RDF constructs describe resources.  If those mere descriptions automatically
assign permanent URI-references to those resources then there can *never* be
anonymous resources in RDF.  This would certainly be one way for the RDF2
spec to go.

However, there are a number of disadvantages:

* You would have to insist that an application names every resource -
including those 'convenience resources' for associating qualifiers with
underlying values.

* Alternatively, all parsers must have a parser-independent way of
consistently reproducing the same global, unique, permanent identifier for
resources described in an XML document without a URI-reference explicitly
assigned.

IMHO, the first of these is unacceptable whilst the second is extremely
difficult.

The second option (keeping the concept of anonymous resources in RDF2) also
has implications:  Temporary identifiers must be assigned to them during
parsing.

Although this can also be viewed at a superficial level as *naming*
anonymous resources, it can more acurately be viewed as bootstrapping XML,
N3, SemEnglish, etc. into more abstract RDF model constructs (e.g. instances
of Java classes) that are not associated with a particular URI-reference.
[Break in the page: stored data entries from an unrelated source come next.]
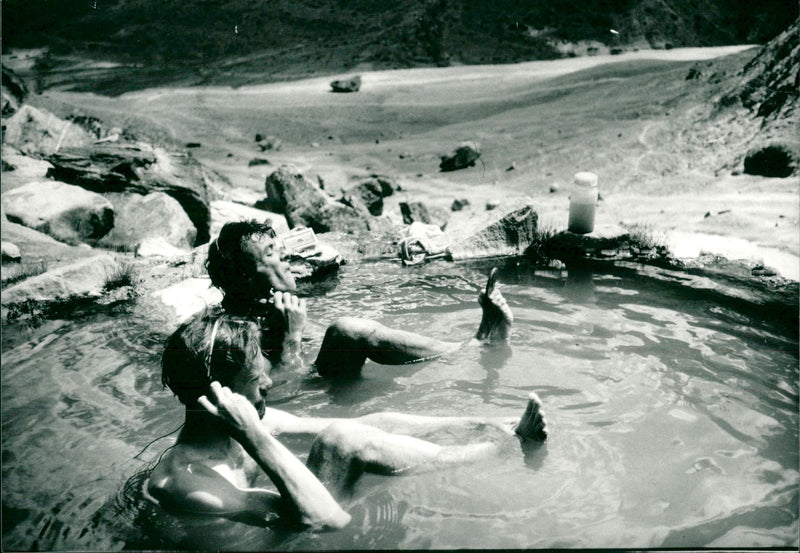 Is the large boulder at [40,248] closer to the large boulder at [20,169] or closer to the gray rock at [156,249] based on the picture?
the gray rock at [156,249]

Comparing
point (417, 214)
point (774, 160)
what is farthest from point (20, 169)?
point (774, 160)

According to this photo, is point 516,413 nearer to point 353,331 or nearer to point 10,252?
point 353,331

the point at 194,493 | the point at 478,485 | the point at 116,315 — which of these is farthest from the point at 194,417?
the point at 116,315

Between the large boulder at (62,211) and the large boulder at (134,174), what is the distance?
0.44 m

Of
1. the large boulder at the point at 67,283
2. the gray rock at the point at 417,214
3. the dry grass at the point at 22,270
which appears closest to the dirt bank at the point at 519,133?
the gray rock at the point at 417,214

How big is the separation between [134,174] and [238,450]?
494cm

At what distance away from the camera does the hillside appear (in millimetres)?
9562

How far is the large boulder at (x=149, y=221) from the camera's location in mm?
6625

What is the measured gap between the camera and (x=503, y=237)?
629 centimetres

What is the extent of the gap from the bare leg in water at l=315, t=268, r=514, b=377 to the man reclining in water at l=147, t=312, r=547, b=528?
99 centimetres

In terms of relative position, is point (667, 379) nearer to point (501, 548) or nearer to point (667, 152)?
point (501, 548)

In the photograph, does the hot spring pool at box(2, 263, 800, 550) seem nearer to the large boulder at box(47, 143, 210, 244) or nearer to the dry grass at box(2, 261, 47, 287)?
the dry grass at box(2, 261, 47, 287)

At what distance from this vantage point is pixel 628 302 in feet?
17.1

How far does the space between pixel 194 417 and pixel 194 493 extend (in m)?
0.29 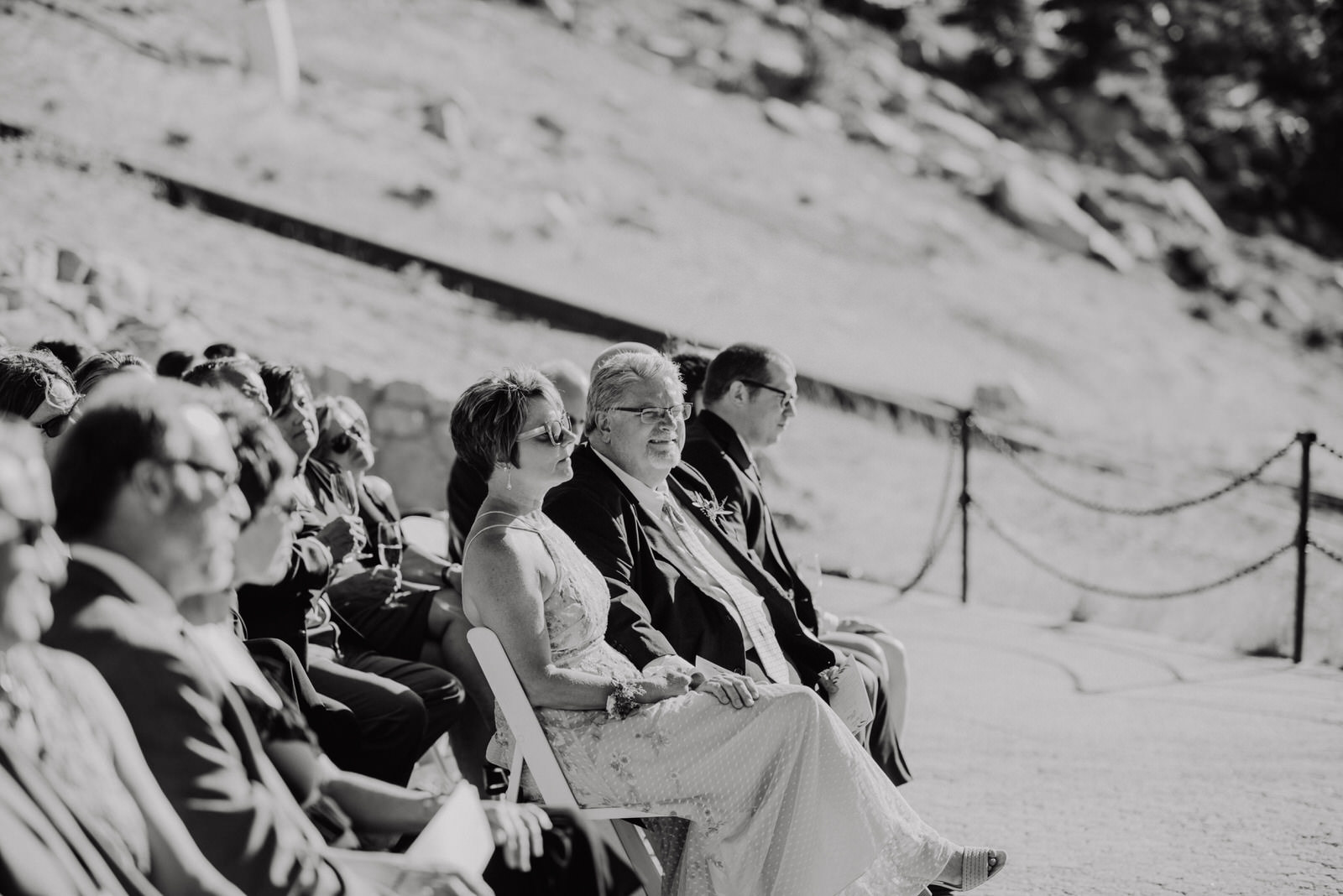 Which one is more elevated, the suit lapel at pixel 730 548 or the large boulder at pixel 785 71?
the large boulder at pixel 785 71

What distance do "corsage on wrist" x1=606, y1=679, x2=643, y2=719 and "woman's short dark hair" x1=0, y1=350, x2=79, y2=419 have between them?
81.6 inches

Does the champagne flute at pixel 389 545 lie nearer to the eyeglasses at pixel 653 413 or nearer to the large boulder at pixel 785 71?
the eyeglasses at pixel 653 413

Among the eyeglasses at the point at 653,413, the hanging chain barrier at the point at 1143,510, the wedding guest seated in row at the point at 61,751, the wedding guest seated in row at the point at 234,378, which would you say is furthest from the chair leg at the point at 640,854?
the hanging chain barrier at the point at 1143,510

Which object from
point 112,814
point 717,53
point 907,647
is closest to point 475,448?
point 112,814

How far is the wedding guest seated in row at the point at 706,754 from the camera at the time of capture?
10.8 feet

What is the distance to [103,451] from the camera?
210 cm

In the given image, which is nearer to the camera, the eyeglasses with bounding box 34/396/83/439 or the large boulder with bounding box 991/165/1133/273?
the eyeglasses with bounding box 34/396/83/439

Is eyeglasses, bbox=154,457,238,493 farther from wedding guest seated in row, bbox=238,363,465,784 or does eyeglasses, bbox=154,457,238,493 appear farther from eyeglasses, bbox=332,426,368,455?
eyeglasses, bbox=332,426,368,455

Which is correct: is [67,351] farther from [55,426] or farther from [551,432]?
[551,432]

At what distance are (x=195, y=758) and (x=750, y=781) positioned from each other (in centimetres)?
161

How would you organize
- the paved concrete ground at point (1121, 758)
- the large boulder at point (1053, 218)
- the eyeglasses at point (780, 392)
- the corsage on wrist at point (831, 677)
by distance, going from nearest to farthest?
the corsage on wrist at point (831, 677) → the paved concrete ground at point (1121, 758) → the eyeglasses at point (780, 392) → the large boulder at point (1053, 218)

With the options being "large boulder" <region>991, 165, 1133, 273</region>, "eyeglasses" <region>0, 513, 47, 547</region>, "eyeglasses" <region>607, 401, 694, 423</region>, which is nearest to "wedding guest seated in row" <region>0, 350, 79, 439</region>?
"eyeglasses" <region>607, 401, 694, 423</region>

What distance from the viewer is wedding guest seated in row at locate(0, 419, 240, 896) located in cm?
183

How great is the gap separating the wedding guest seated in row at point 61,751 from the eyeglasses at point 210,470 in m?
0.19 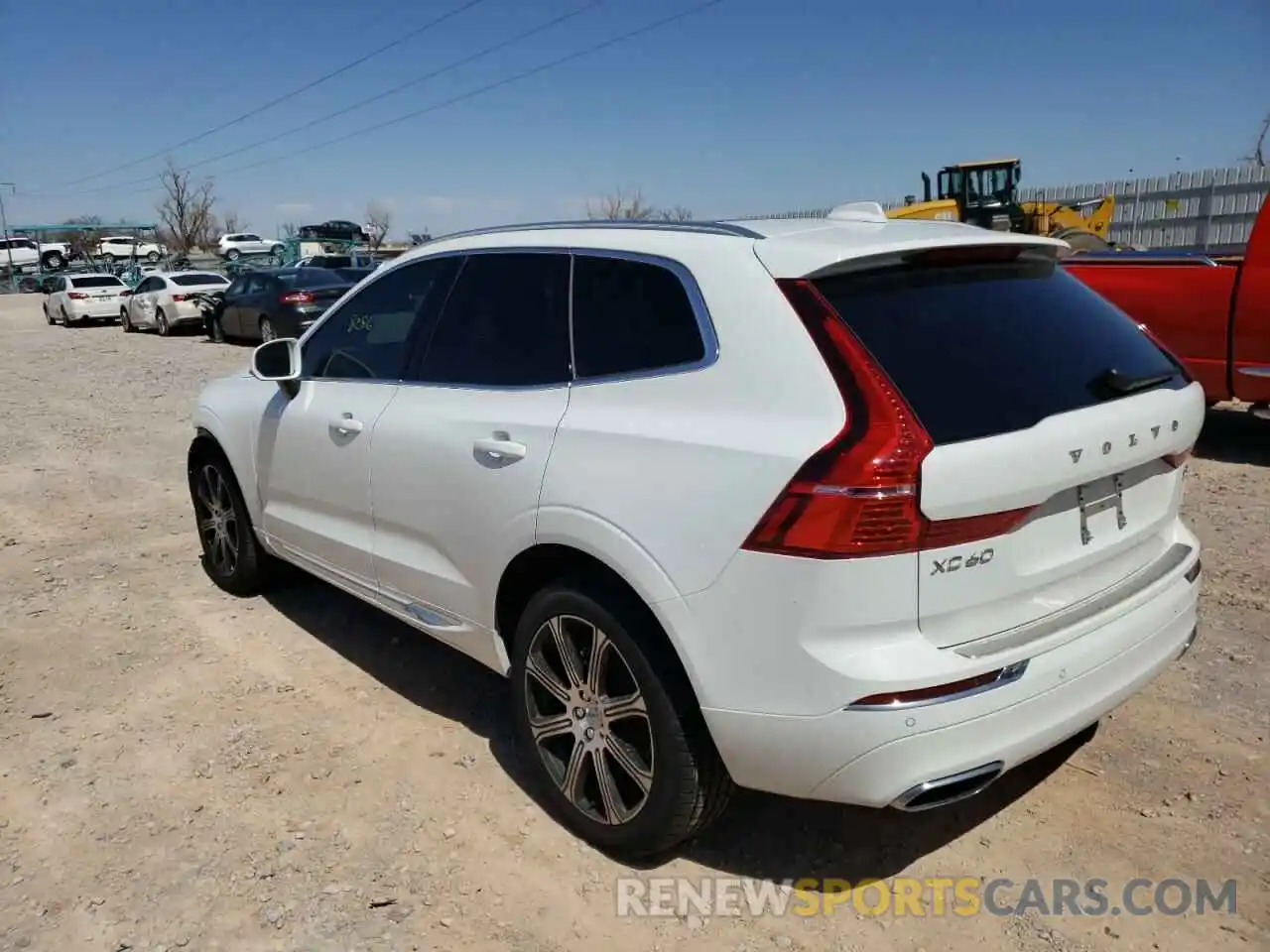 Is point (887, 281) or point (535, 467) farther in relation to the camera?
point (535, 467)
Again IMHO, serialisation is only of interest to RDF parser developers, not
RDF application developers.  RDF applications can fully utilise anonymous
resources as intended in the current RDF spec, and parsers are free to use
far simpler identifier generation schemes, as these ids don't have to be
reproducable by them (or any other parser) in a globally unique fashion.